A história que Salles tinha na mão tinha enorme poder, já que trata de algo atemporal: a energia vital que faz com que jovens de todos os tempos se apartem de seus pais, deixem o conforto/segurança da casa/do conhecido e queiram ir ao mundo dar a cara para bater. É uma energia que principia na libido, e vira pulsão que leva ao desejo pelo outro, pelo sexo, na exploração daquilo que até então era o desconhecido e que revela ao menino(a) seu lado instintivo, carne tátil penetrante e penetrável. O sexo é o grande saber que nos obriga a olhar para nós e para o nosso desejo e nos confere, também, uma identidade. Ele é tão subversivo que até hoje está cercado de mil tabus, dogmas, religiões, leis, repressões várias. Sexo atenta violentamente ao pudor, que é a Lei. Dessa força, no filme, explodem todas as demais, da bissexualidade do protagonista e ambígua relação com os amigos à voracidade ninfomaníaca de Marylou. Fugas, raptos, anulação de casamento, menages, surubas homéricas, os pequenos furtos, tudo regado à música e drogas, tudo instrumentos de subversão das regras, de testar os limites socialmente impostos. Há claro, boa dose de autodestruição, mas que nesta força chamada juventude, traduz a sanha de conhecer o mundo e neste processo o nirvana do autoconhecimento.
No filme da Walter Salles estamos sempre à beira da estrada, e nos excita menos do que qualquer pornô de camelô.
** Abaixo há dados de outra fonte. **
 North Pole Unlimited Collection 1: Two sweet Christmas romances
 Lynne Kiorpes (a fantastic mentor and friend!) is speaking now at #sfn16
Somos hoje espectadores cínicos vendo este mundo de uma sala confortável de shopping. Essa estrada é uma hipótese apenas contemplável e um tanto aflitiva. Os beatniks e hippies estão mortos, e a viagem agora é virtual, quando não outra, ainda que química, muito mais para dentro do que para fora de si. Não falo do ecstasy, mas daquelas substâncias oficialmente aceitas e que desaceleram hoje até a vitalidade das crianças. É triste que o filme não consiga dizer o quanto é foda ser livre para fazer o uso do corpo também para o gozo não santo; para se reconhecer a hipocrisia moral e conservadora, para construir novos caminhos. Ainda que no final de tudo, mais velhos, venhamos a desembocar no seguro conforto da família, da crença e da lei, um filme tão esperado tinha que ao menos acender a centelha de que a vida não tem que ser tão calculada e pré-formatada desde de sempre, que podemos – sempre que corajosos – reinventá-la com paixão.